O que esperar da trama
Charlize Theron interpreta Sasha, uma alpinista que carrega o luto pela morte de sua melhor amiga em um acidente de escalada. Para tentar processar a culpa, ela parte sozinha para os confins da natureza selvagem australiana. O que deveria ser um retiro de cura se transforma em pesadelo quando Ben — um caçador psicopata vivido por Taron Egerton — decide transformá-la em presa.
O longa de 95 minutos aposta numa dinâmica de gato e rato que vai além do físico. A perseguição ganha camadas psicológicas à medida que predador e presa se revelam mais complexos do que parecem. Eric Bana completa o elenco principal como Tommy, figura do passado de Sasha que aparece num momento-chave da trama.

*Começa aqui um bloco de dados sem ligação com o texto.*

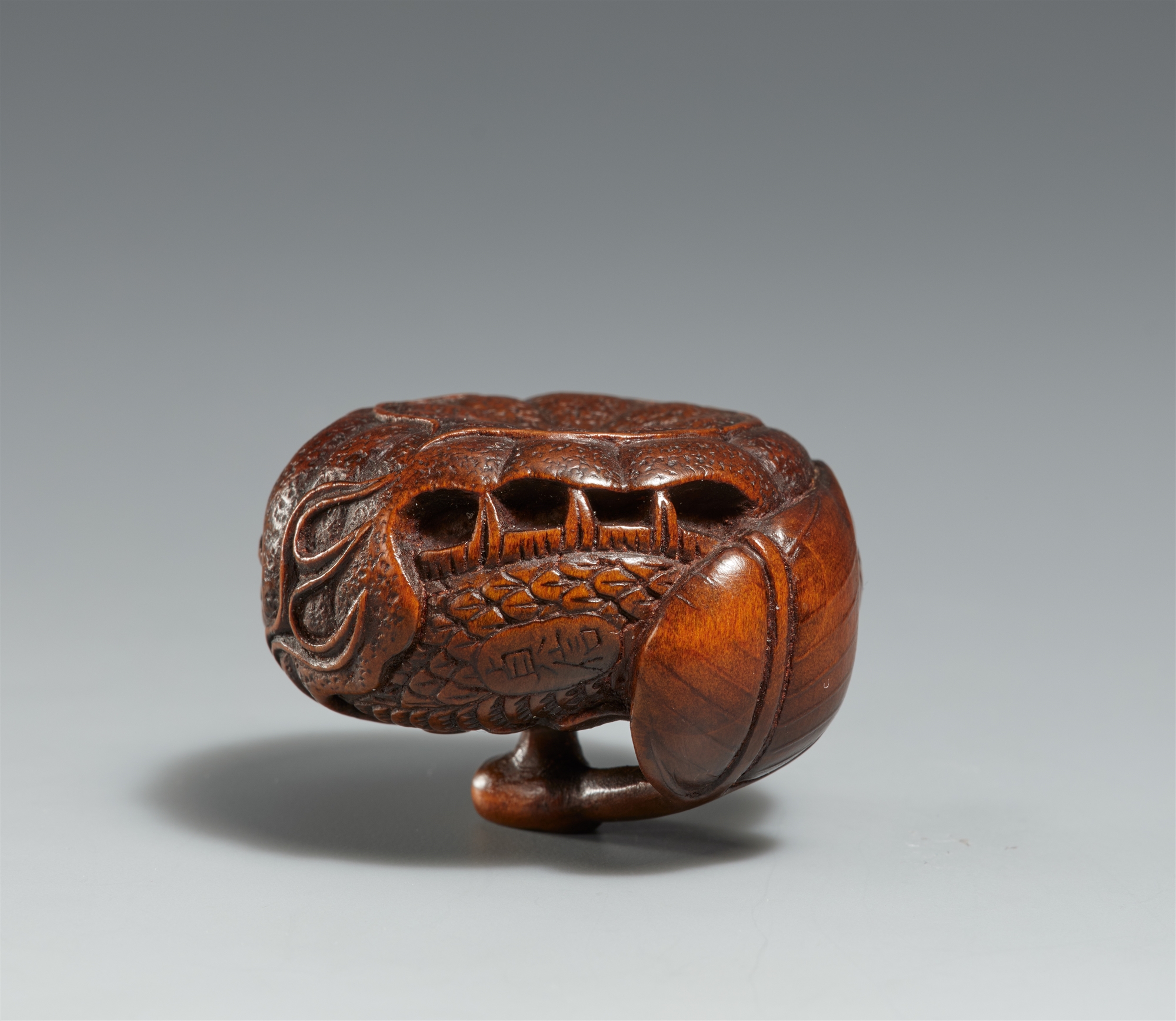 A boxwood netsuke of a dragon inside a mikan. Tanba. Mid-19th century - Image 2 of 2
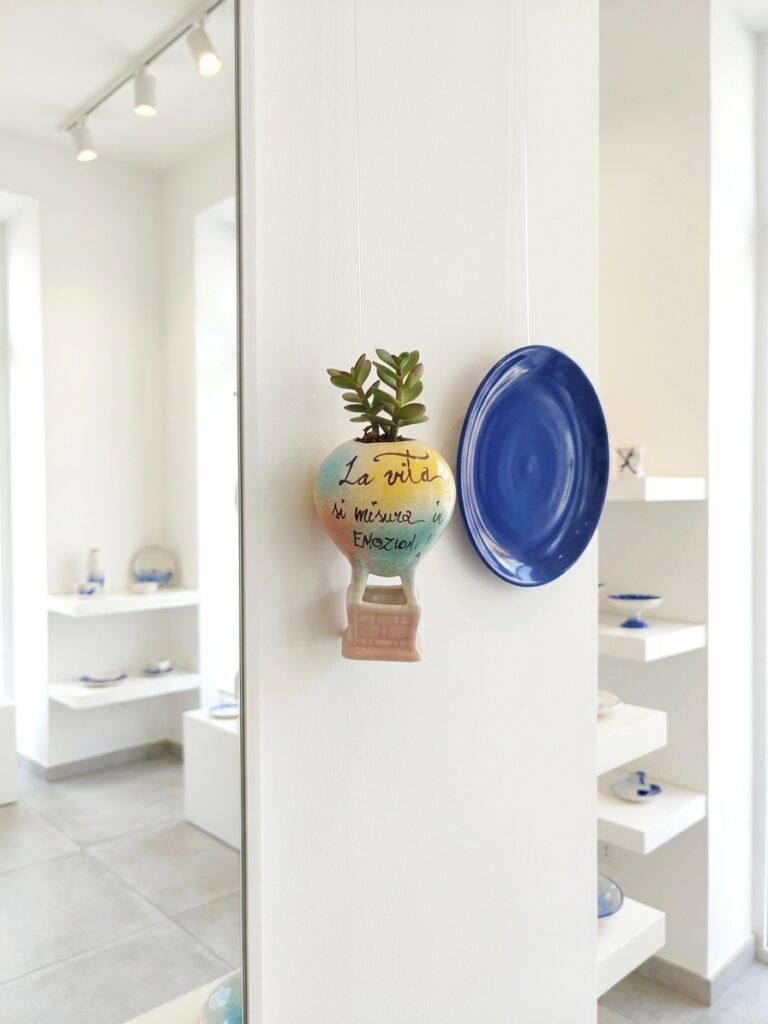 Mongolfiera in ceramica con frase motivazionale appesa alla parete dello showroom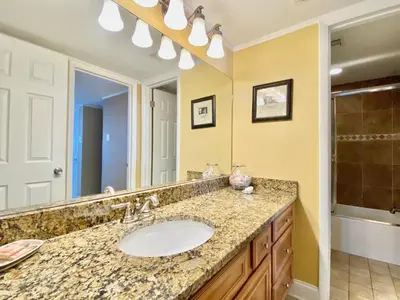 a bathroom with a sink and a large mirror at Pelican Walk 1005 in Panama City Beach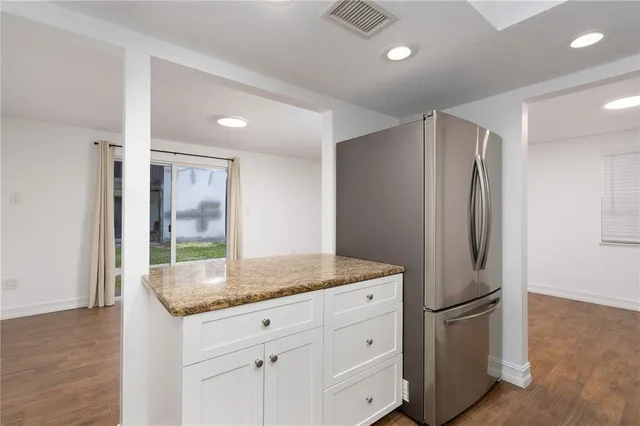 a kitchen with stainless steel appliances granite countertop a sink and a refrigerator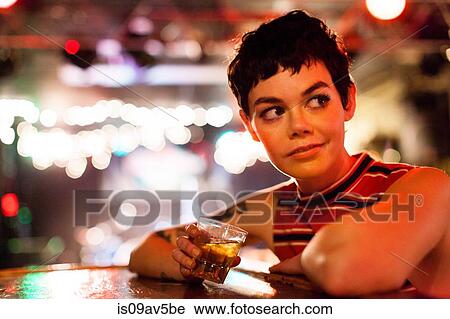 Mid adult woman drinking alcoholic drink View Large Photo Image Stock Image - Mid adult woman drinking alcoholic drink. Fotosearch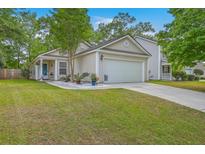 Charming single-story home with a well-manicured lawn, attached garage, and beautiful landscaping at 2427 Stingray Blvd, North Charleston, SC 29406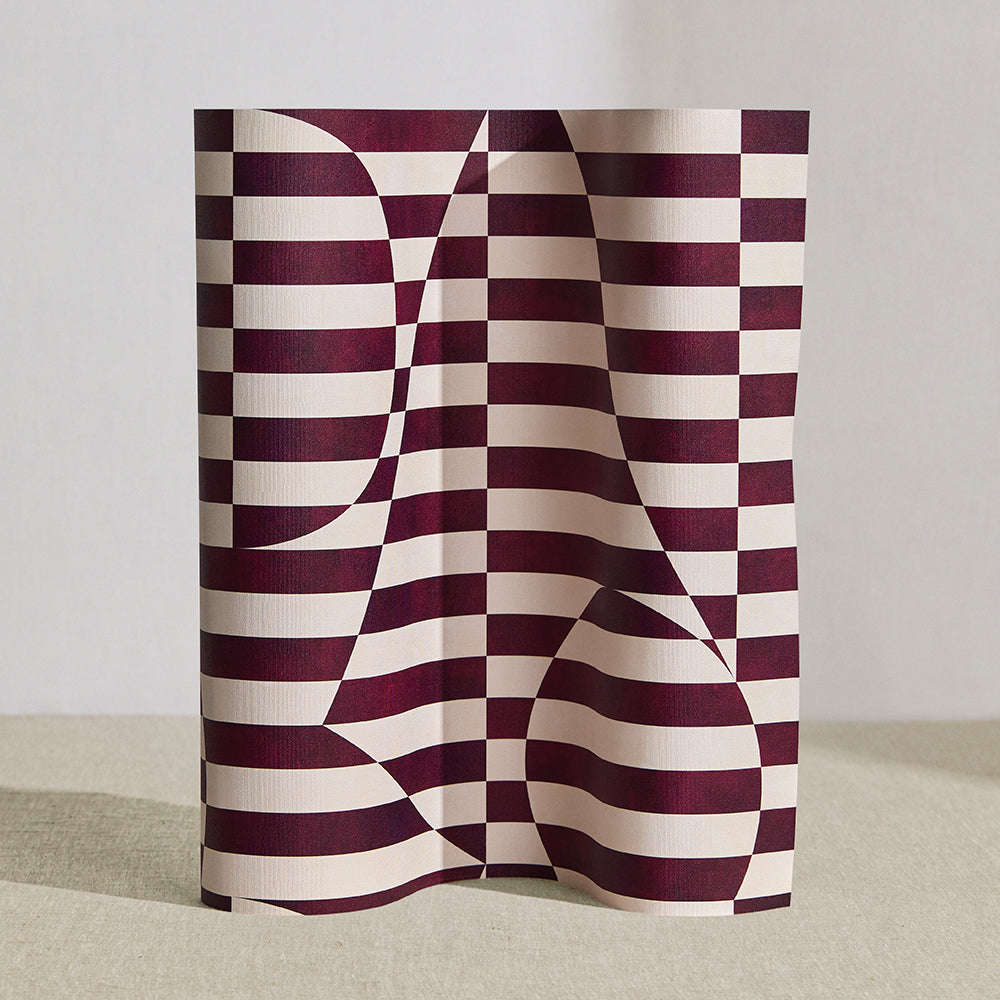 Wallpaper roll in a trompe l'oeil stripe pattern with geometric shapes in cream and burgundy. 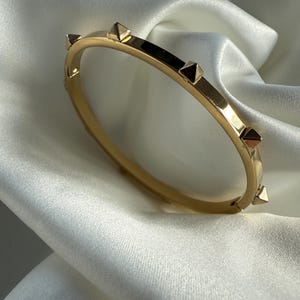Könnte beinhalten: Goldfarbenes Armband mit pyramidenförmigen Nieten. Das Armband ist im Bangle-Stil gehalten und hat eine glatte, polierte Oberfläche. Die Nieten sind gleichmäßig um das Band angeordnet. Das Armband wird auf einem weißen, seidigen Stoff präsentiert.
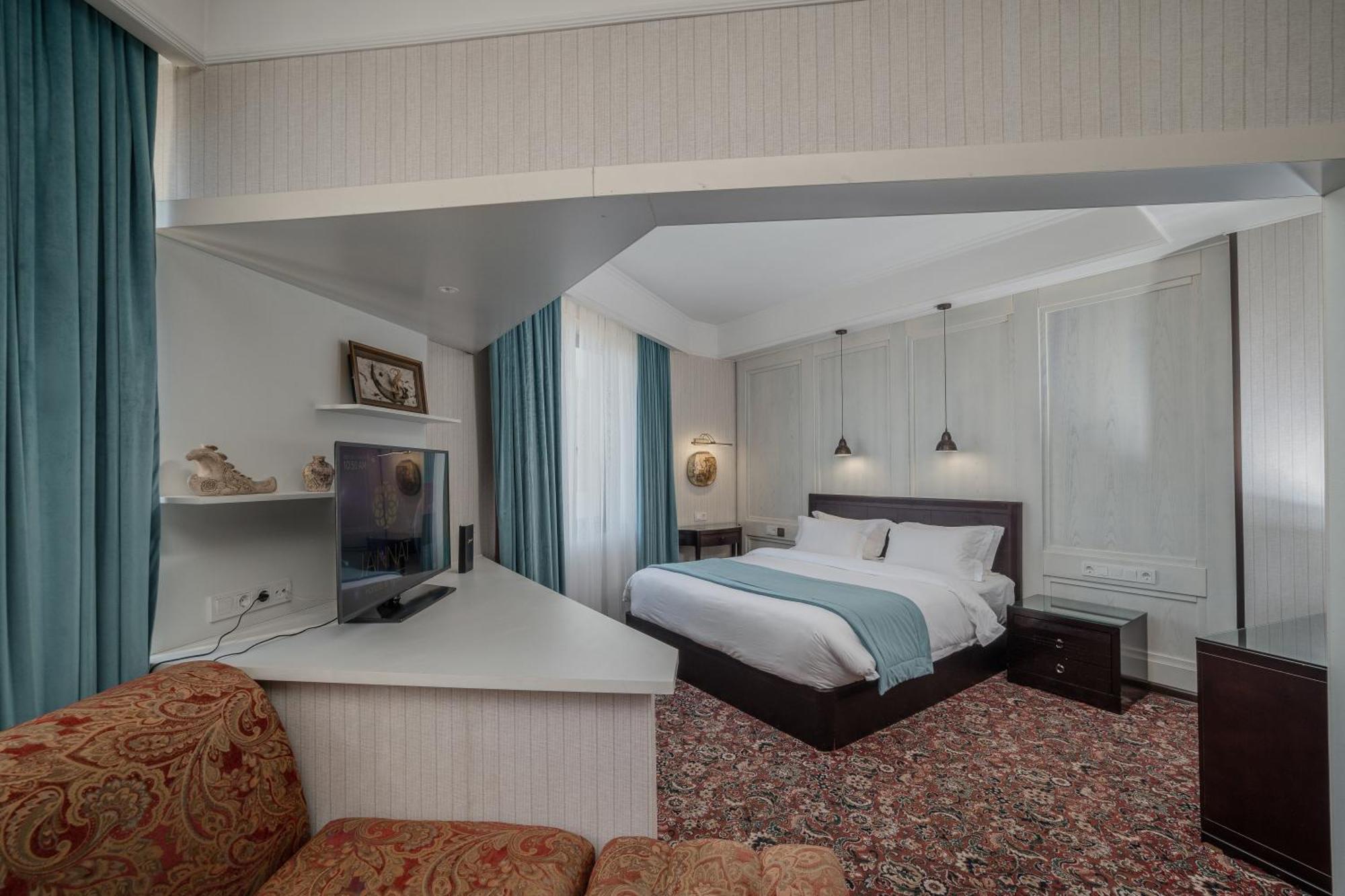 Hotel Jannat Regency Biškek Pokoj fotografie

Direção experiente em sobrevivência
A escolha de Baltasar Kormákur para a direção não é acidental. O cineasta islandês construiu uma carreira sólida em filmes de sobrevivência em ambientes extremos — Evereste (2015), Vidas à Deriva (2018) e Fera (2022), este último também um sucesso na própria Netflix. O roteiro ficou a cargo de Jeremy Robbins, conhecido pelo trabalho na franquia Uma Noite de Crime.
As filmagens aconteceram no estado australiano de Nova Gales do Sul, com destaque para as Montanhas Azuis, cuja geografia funciona quase como um personagem à parte. Theron fez a maioria de suas próprias cenas de escalada, o que confere um realismo físico raro ao filme.
O que diz a crítica
No Rotten Tomatoes, O Jogo do Predador estreou com nota em torno de 67% de aprovação entre os críticos — o suficiente para garantir o selo “fresh”, mas longe de um consenso. A nota do público gira em torno de 75%, sinalizando que o filme funciona melhor como entretenimento do que como obra autoral.
Os elogios se concentram em dois pontos: a performance física de Theron e a fotografia das paisagens australianas. Do lado negativo, parte da crítica aponta que o filme não arrisca o bastante no aspecto psicológico e que os momentos mais introspectivos carecem de profundidade nos personagens.
Para Taron Egerton, o papel marca sua estreia como vilão no cinema. O ator descreveu Ben como alguém “quebrado além do resgate” — e se divertiu bastante com isso.
Vale o play?
O Jogo do Predador não reinventa o gênero de sobrevivência, mas entrega exatamente o que promete: tensão, paisagens de tirar o fôlego e dois atores em plena forma física e dramática. É o tipo de filme feito sob medida para uma sessão de sexta à noite no sofá. O longa tem classificação R (equivalente a 16+ no Brasil) por violência forte, imagens perturbadoras, nudez e linguagem pesada.
Disponível exclusivamente na Netflix a partir de hoje, 24 de abril de 2026.
E você, Charlize Theron consegue te convencer a trocar a série que está maratonando por esse thriller de 95 minutos?